36. In addition, Article 682 provides in relevant part:
1. The owner whose property is enclosed on all sides, and has no access or inadequate access on to the public highway, either for the private or for the business use of his property, shall be entitled to claim from his neighbours a sufficient right of way to ensure the full use of such property, subject to his paying adequate compensation for any damage that he may cause (emphasis mine).
37. Article 691 also provides in relevant part that:
Non-apparent continuous easements and discontinuous easements, apparent or non-apparent, may not be created except by a document of title.
38. In addition, section 52 of the Land Registration Act (LRA) provides in relevant part:
(1) The proprietor of land or a lease may, by an instrument in the prescribed form grant an easement to the proprietor or lessee of other land for the benefit of that other land.
(2) The instrument creating the easement shall specify clearly:
(a) the nature of the easement, the period for which it is granted and any conditions, limitations or restrictions intended to affect its enjoyment; and
(b) the land burdened by the easement and, if required by the Registrar, the particular part thereof so burdened; and
(c) the land which enjoys the benefit of the easement, and shall, if so required by the Registrar, include a plan sufficient in the Registrar’s estimation to define the easement.
(3) The grant of the easement shall be completed by its registration as an encumbrance in the register of the land burdened and in the property section of the register of the land which benefits, and filing the instrument
39. The principles that we can distil from all the above provisions read together are that an agreement among owners can create a right of way but that the agreement shall only have effect if created by a document of title, which is registered. In addition, based on Articles 639 and 682 (supra), where land is enclaved the owner of the dominant tenement may apply to the court to have a right of way across a servient tenement. Court orders in this respect are also registered.
40. There is also jurisprudence constante that a right of way requires a document of title or an order of the court (see Hoareau v Ah-Tive (1979) SLR 38, Payet v Labrosse and another (1978) SLR 222 and Delorie v Alcindor and another(1978-1982) SCAR 28, Sinon v Dine (2001) SLR 88, Laurette v Sullivan (2004) SLR 65, Umbricht v Lesperance (2007) SLR 221).
41. The law is also clear on the fact that it is incumbent on the person who seeks the right of way to prove it by registered title deed or to claim it in court. The owner of the servient tenement need not prove anything and the dominant tenement is only burdened by registered easements arising from title or court orders (see article 682 above).”

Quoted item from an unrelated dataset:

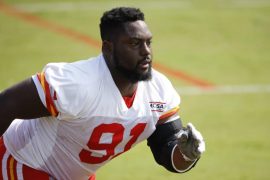 Who does Derrick nnadi play for in the NFL? What position does Derrick nnadi play for the Kansas City Chiefs?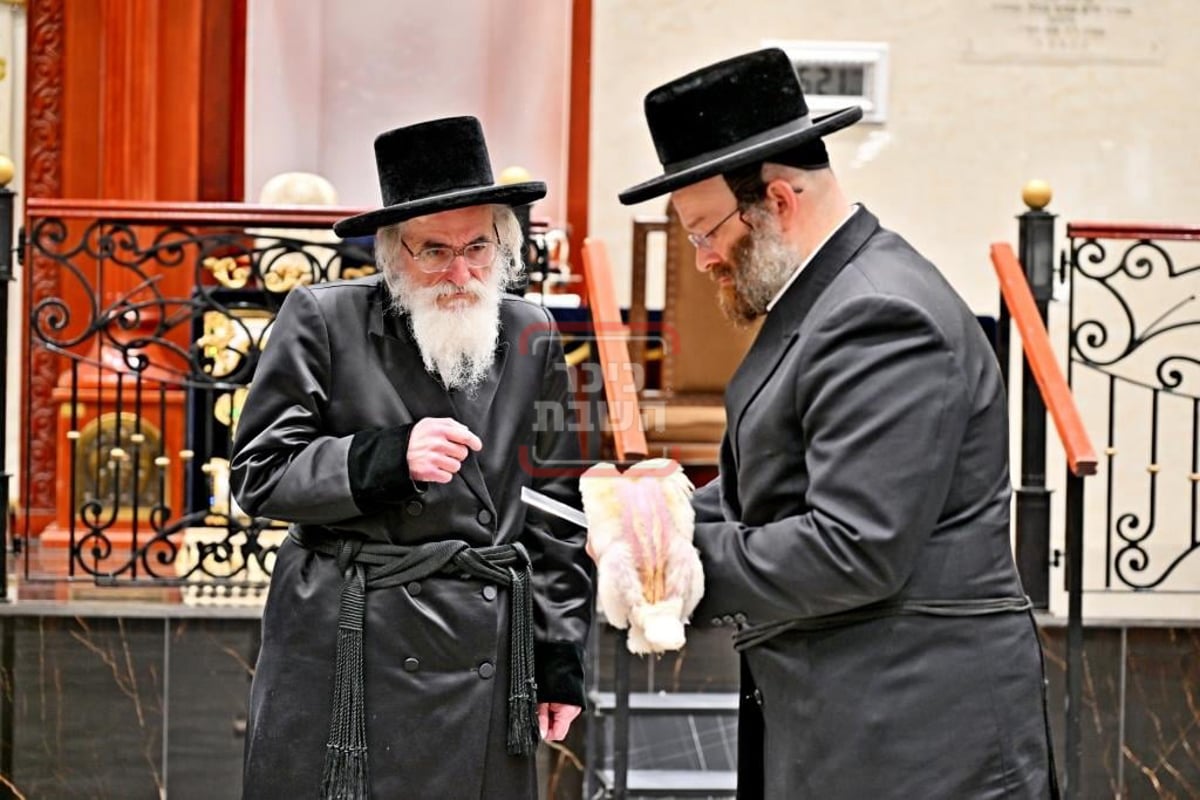 ערב ומוצאי יום כיפור בחצה"ק ויז'ניץ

 Applying these principles, I have ascertained from a study of the documents produced and an appraisal of the evidence adduced that there is no registered right of way in respect of any of the parcels concerned inthis suit.
 I have also ascertained both by the evidence adduced and a visit to the site that the Plaintiff’s land is indeed enclaved and that there is neither a registered right of way from the public road to his property nor a registered agreement with adjoining land owners to provide him with the same. He has therefore a right to a remedy under Article 682 of the Civil Code.
 What he doesn’t have, however under any provision is a right to self-help. One cannot barge one’s way through people’s property and prospectively claim the right of way availed of through force.
 I also find that on a balance of probabilities the Plaintiff has not proved that there is a public road adjacent to land titles V 2609 and V2611 from which he claims a right of way in this Court. He has merely produced a location plan of the parcels concerned on which is marked a road serving the existing homes. There is indeed an access road from the public road passing through Parcels V7240, V7239, V18166, V18167, V1877, V2615,V2612, V2054, V2611 and V2609 but the Defendants categorically deny that this access road used by the Simeon family is in fact a secondary public road. They have testified, and I have no reason to disbelieve them, that this was an informal arrangement among family members to pass over each other’s land and that the road had been constructed by themselves for the exclusive use of their families.
 It is not only seriously concerning but it also beggars belief why the Planning Authority granted planning permission for construction of a commercial building on an enclaved land without a right of way and why when the same Authority wrote to the Plaintiff to ask him to desist from continuing with the development that he flagrantly proceeded nevertheless and the Authority’s notice to him not enforced.
 Might is not right and this court cannot condone the action of a Plaintiff who approaches it for a remedy with bad faith. In any case, even if the court granted him the right of way he seeks under Article 682 (1), given that his land is enclaved, this would be futile as he has no right of way across the many parcels of land he has to cross from the main Bel Air-Sans Souci road to access the right of way he seeks. His pleadings are not sufficient to grant him the remedy he seeks and it is hereby dismissed. He is at liberty to approach the court with proper pleadings against property owners from the public road to his land to obtain a right of way to his enclaved property.
 Insofar as the Defendants’ counterclaims are concerned, I have no doubt that the experience they were subjected to was traumatic and upsetting. They came across as gentle folk living peacefully in a tight knit community until the Plaintiff burst onto the scene and wreaked havoc onto their properties and their lives. I am therefore minded to grant them moral damages. I also have evidence through their testimonies and photographs of the wanton acts of the Plaintiff bulldozing his way through their respective land to access his property and build his apartments.
 Outside specific evidence of the value of the trees, shrubbery and land interfered with and damaged by the Plaintiff my award will have to be arbitrary. I believe SR25, 000 for each Defendant in respect of physical damage to their land is sufficient to meet the cost of the destruction. I also grant each of them SR25, 000 for moral damages.
 The Second Defendant has also prayed for an order prohibiting the Plaintiff from trespassing over its land, this is in the circumstances is also granted and will remain in operation until a right of way is obtained though legal means by the Plaintiff.
 I therefore make the following orders:
1. The Plaintiffs plaint is dismissed with costs.
2. The Plaintiff will pay the First Defendant SR25, 000 for physical damages to her land and SR25, 000for moral damages.
3. The Plaintiff will pay the Second Defendant SR25, 000 for physical damages to its land and SR25, 000 moral damages for the heirs.
4. The Plaintiff is hereby prohibited for further trespassing onto the Second Defendant’s land.
Signed, dated and delivered at Ile du Port on 10 April 2018.